--- Data for the task Enclosed Below ---

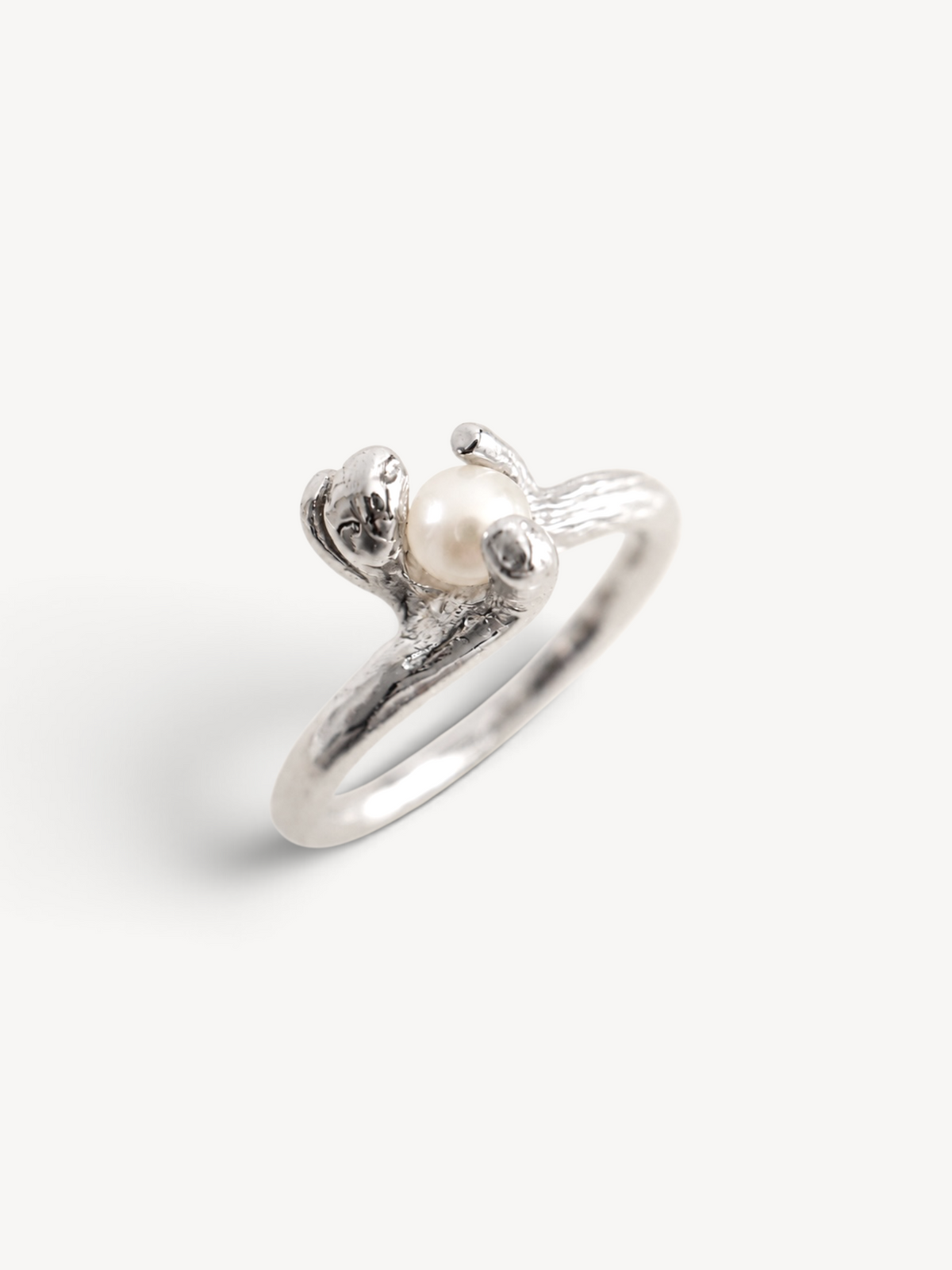 Side view of a handcrafted rhodium-plated sterling silver pearl ring with an organic contemporary design.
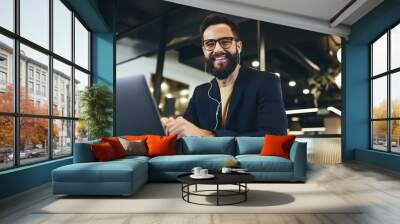 Successful entrepreneur smiling at the camera in an office Wall mural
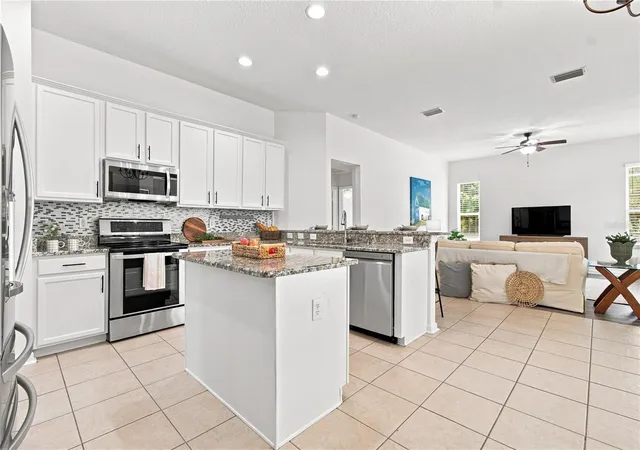Photo 3 of Single family home for sale at 5046 Silver Charm Ter, Wesley Chapel, FL 33544 | MLS# TB8539150 | Listing updated on 2026-09-08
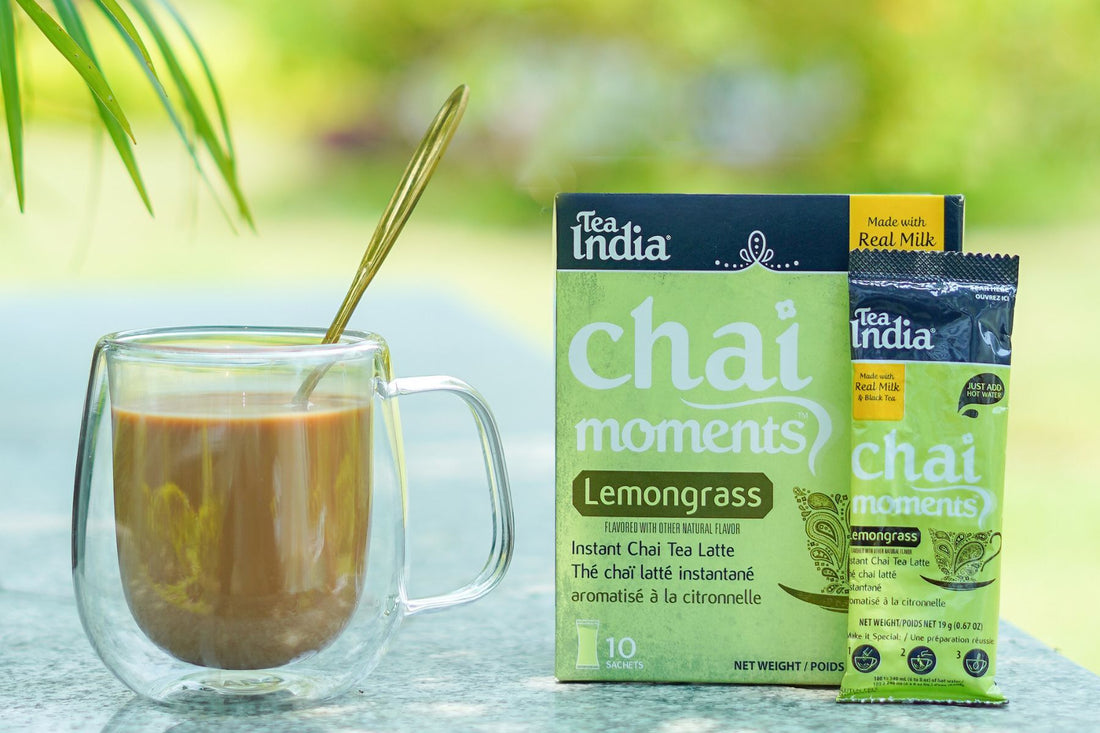 a box of Tea India Instant Lemongrass premix with a cup of chai placed on steps in broad daylight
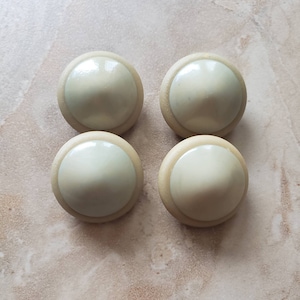 May include: Four beige buttons with a white center and a raised dome shape.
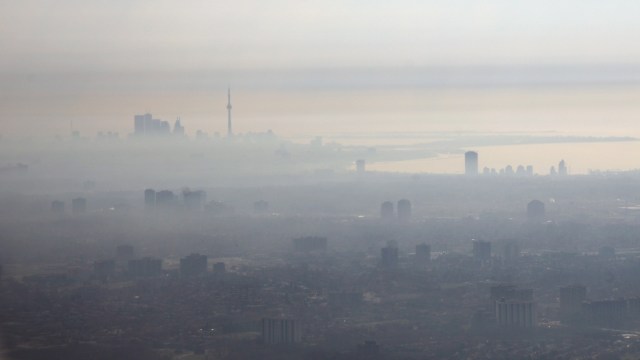 A hazy skyline of Toronto with a prominent tower, enveloped in fog and smog, against a muted sky.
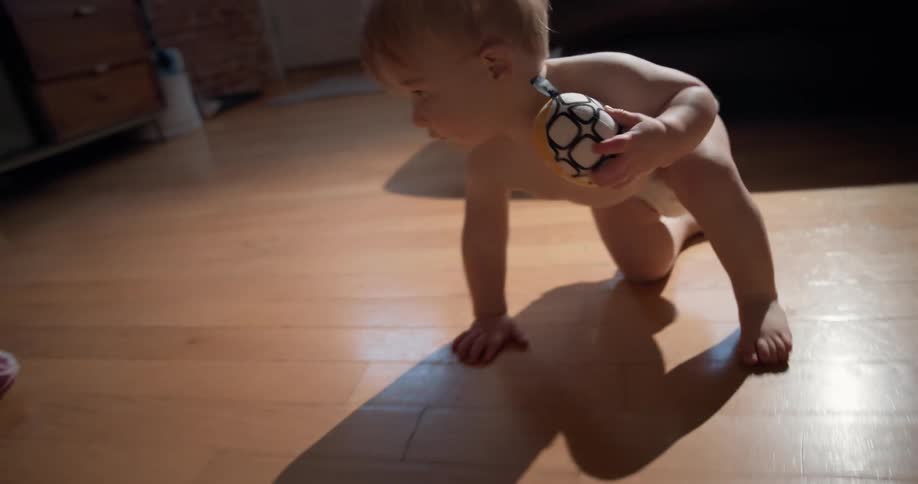 A baby crawling on the ground
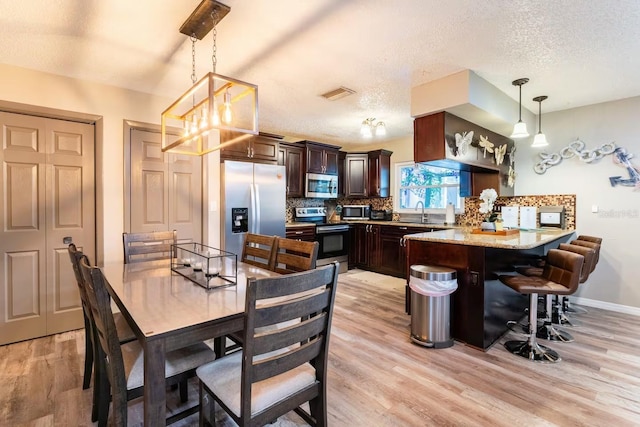 2460 Beacon Groves Blvd, Palm Harbor, FL 34683 - dining room with light wood-style floors, baseboards, a textured ceiling, and visible vents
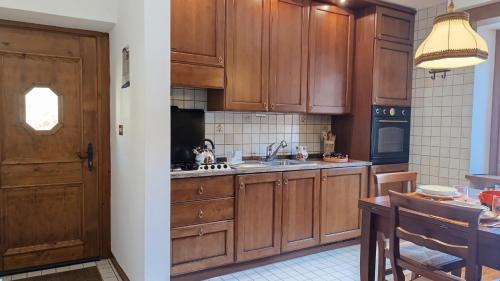 a kitchen with wooden cabinets and a sink at Casa Savilla by Ca-Sa Check in Pieve di Cadore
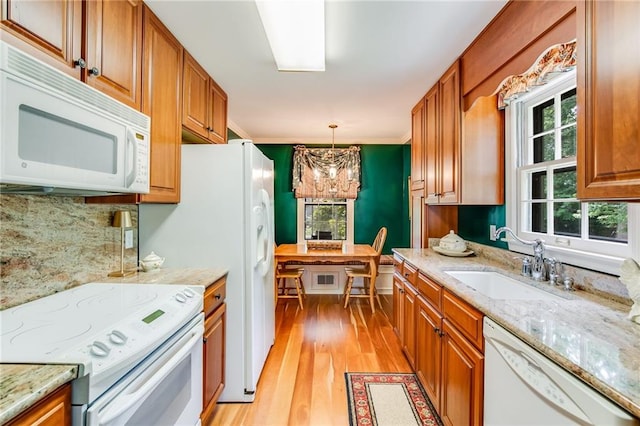 kitchen featuring decorative light fixtures, sink, white appliances, an inviting chandelier, and light hardwood / wood-style flooring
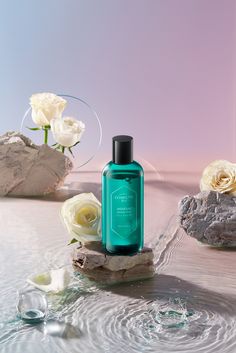 a bottle of body lotion sitting on top of a rock in water next to flowers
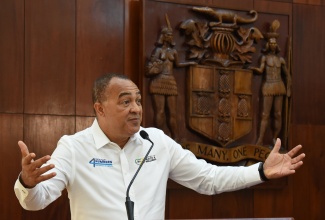  Minister of Health and Wellness, Dr. the Hon. Christopher Tufton, emphasises a point as he addresses a men’s empowerment session organised by the Office of the Prime Minister and the Cabinet Office Gender Committee at Jamaica House on Thursday (November 23).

--- End of Enclosed Data for the task ---

● **Activity**
In the entries above, find the line with "Successful entrepreneur smiling" and the line with "A baby crawling on the ground". Return exactly those lines and all the ones between them, pictures excluded.

● **Task response**
 Successful entrepreneur smiling at the camera in an office Wall mural
Photo 3 of Single family home for sale at 5046 Silver Charm Ter, Wesley Chapel, FL 33544 | MLS# TB8539150 | Listing updated on 2026-09-08
 a box of Tea India Instant Lemongrass premix with a cup of chai placed on steps in broad daylight
 May include: Four beige buttons with a white center and a raised dome shape.
 A hazy skyline of Toronto with a prominent tower, enveloped in fog and smog, against a muted sky.
 A baby crawling on the ground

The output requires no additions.